Resort's Cloudy Prospects Reflect Japan's Bank Woes

TIMES STAFF WRITER

The Apex Resort Toya, which juts like Hearst Castle from a secluded mountaintop, is a $500-million white elephant, a symbol of the pain yet to come as Japan struggles to clean up its monumental bad-loan problems.

The huge loan to the splendid resort--which essentially operated for five years without paying interest or principal on its debt--helped set off a downward spiral that dragged the local economy on the northern island of Hokkaido into a deep funk.

The issuing bank, Hokkaido Takushoku Bank, collapsed in November under a mountain of bad loans. Its demise exposed how dependent the local economy had been on the bank: The resort went under, dozens more cash-starved businesses folded, and thousands of workers lost their jobs.

"It's as though the bomb was dropped on Hokkaido," said Eichi Murakami, chief of research at Tokyo Shoko Research Co.'s Hokkaido arm. "And we haven't hit bottom yet."

The Hokkaido experience helps explain Japan's reluctance to let the free market have its way with the nation's many weak banks, as the United States and others are demanding. Other communities can expect the same fate as Hokkaido in the event of widespread bank failures.

U.S. officials are prodding the country to clean up its banking mess, write off bad loans that probably exceed $600 billion and let market forces prevail. But in the short term, taking a hard-line approach may cause the world's second-largest economy to slip even deeper into recession, further weakening the yen and destabilizing the rest of Asia.

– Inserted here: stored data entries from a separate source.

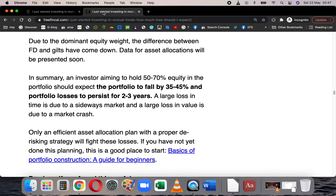The gist is: for an investor aiming to hold 50-70% equity in the portfolio, they must expect the overall portfolio — not just the equity component — to decrease in value by 35-40% at minimum. And the portfolio losses can persist for 2-3 years at least without any extra return — the portfolio will be underwater below its previous maximum. Future markets can be more devastating than the past, but this is the minimum expectation of loss: 35-45% loss in portfolio value at any point and the portfolio in red for 2-3 years.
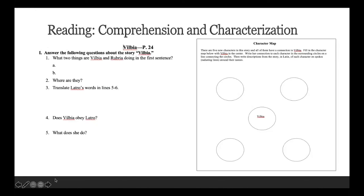Rereading and motivation — this is from the teacher's manual. Clemens is a freedman; you reread where you see something like statim, which is a classic opportunity to examine diction and how diction impacts character motivation and characterization. Then you can have students draw, write a bio poem of Clemens — like a biography — write letters, or just leave it as an opportunity for rereading itself.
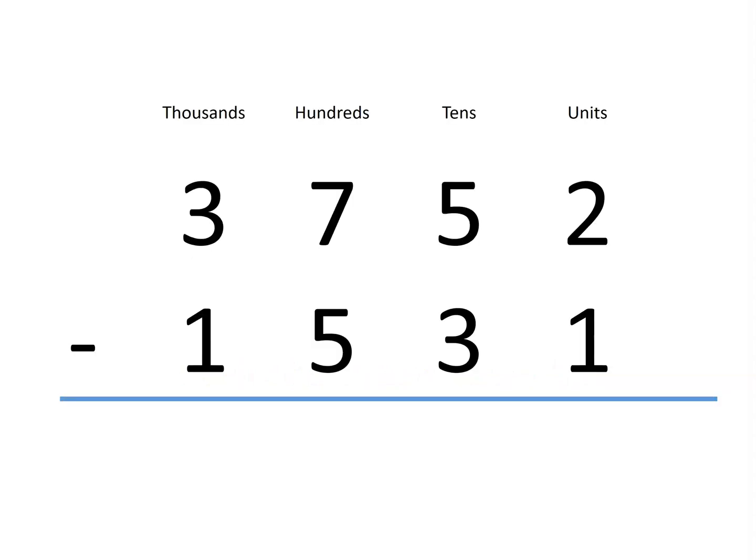If we start by subtracting the units, 2 units minus 1 unit is 1 unit.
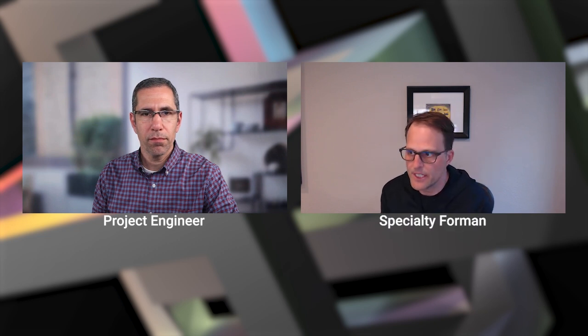So Amir and I will be playing roles in this demo. He'll be the project engineer and I'll be a specialty foreman. His persona will be reviewing the as-built capture in Matterport, basically doing a virtual QA/QC site walk, a pretty familiar activity.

Although the U.S. recently intervened, buying yen for dollars in an attempt to shore up Japan's currency, the yen lost ground every day last week and closed at 141.69 to the dollar Monday in New York. Many analysts expect the yen to continue its plunge.

Deputy U.S. Treasury Secretary Lawrence Summers, who parachuted into Tokyo to huddle with Japanese officials at a hastily arranged mid-June summit, argues otherwise. Attacking the banking morass head-on, he asserts, would mean growth, not unemployment, and would thus strengthen the yen.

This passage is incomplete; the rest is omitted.